目の前に広がる絢爛豪華な光景に、深月は圧倒されていた。
 天井に吊るされた大きなシャンデリア、音色を奏でる楽器隊、洗礼された身のこなしの給仕に、輝く銀色のカトラリー。
 煌びやかな正装に袖を通す招待客らは、楽しげな様子で社交ダンスに興じている。

「あら、あちらは……朱凰暁様では?」
「本当ね。
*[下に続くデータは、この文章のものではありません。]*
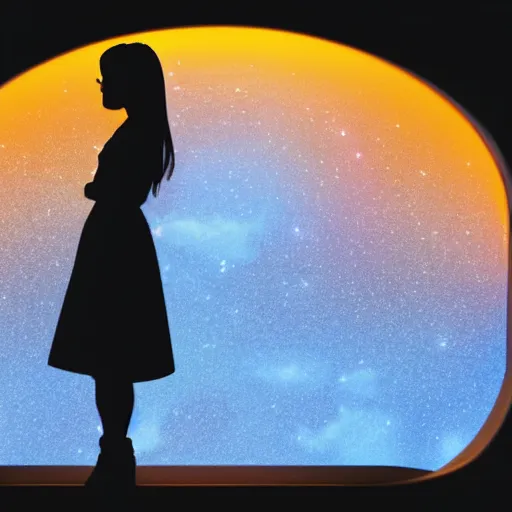 Image similar to a silhouette of a girl looking out a large window at a space scene, lofi aesthetic volumetric lighting, dramatic, realistic, intense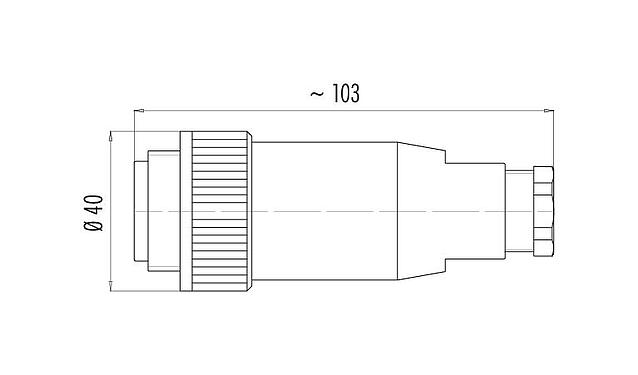 比例图 99 0737 00 24 - RD30 直头针头电缆连接器, 极数: 24, 10.0-12.0mm, 非屏蔽, 焊接, IP65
隣にいらっしゃるのは、どこの名家の令嬢かしら」

 大広間に足を踏み入れた深月と暁は、一斉に好奇な視線に晒されることになった。
 暁の姿に頬を染める淑女がいる一方で、誰もが深月の存在を気にしているのだ。

「……そういうことか」

 大広間に入った瞬間、横に経つ暁の顔色が険しいものに変化した。
 途端に腰を引き寄せられ、互いの息づかいがわかるほどに体が密着する。

「この夜会は、半数以上が華月だ」

 断言する暁に耳を疑った。
 普通の人間と変わらない姿をしている参加者。深月には見分けがつかない。

「華月が、ここまで集うということは……そうか、主催はおそらく――」

 確か、主催者は不明と聞いていた。
 けれど暁は誰なのかを突き止めたらしく、周囲をくまなく警戒している。

(……っ、どうしてこんな時に、動悸が)

 先ほどよりも強くなっていく渇球。心音も激しく刻まれていく。
 それでも醜態は見せられないと、深月は気取られずに背筋を伸ばして優雅に佇んだ。


 異変が起こったのは、弦楽器の音が消える刹那のことだった。

「きゃあああ!」

 前触れもなく大広間の照明がすべて落ち、あたりは暗闇に包まれた。
 突然の事態に騒ぎはどんどん大きくなり、入口目掛けて人が押し寄せていく。

 その波に揉まれて深月はよろけてしまうが、力強く暁が腕を掴んでくれた。

「落ち着け、私はここにいる」
「はい――」

 安心したときだった。

「おいで、キミを待っていたんだ」

 その囁き声は、深月に向けられる。

「朱凰さっ……」

 最悪の状況が背後に迫っていることを予感したとき、深月の首裏に冷たい手が下ろされた。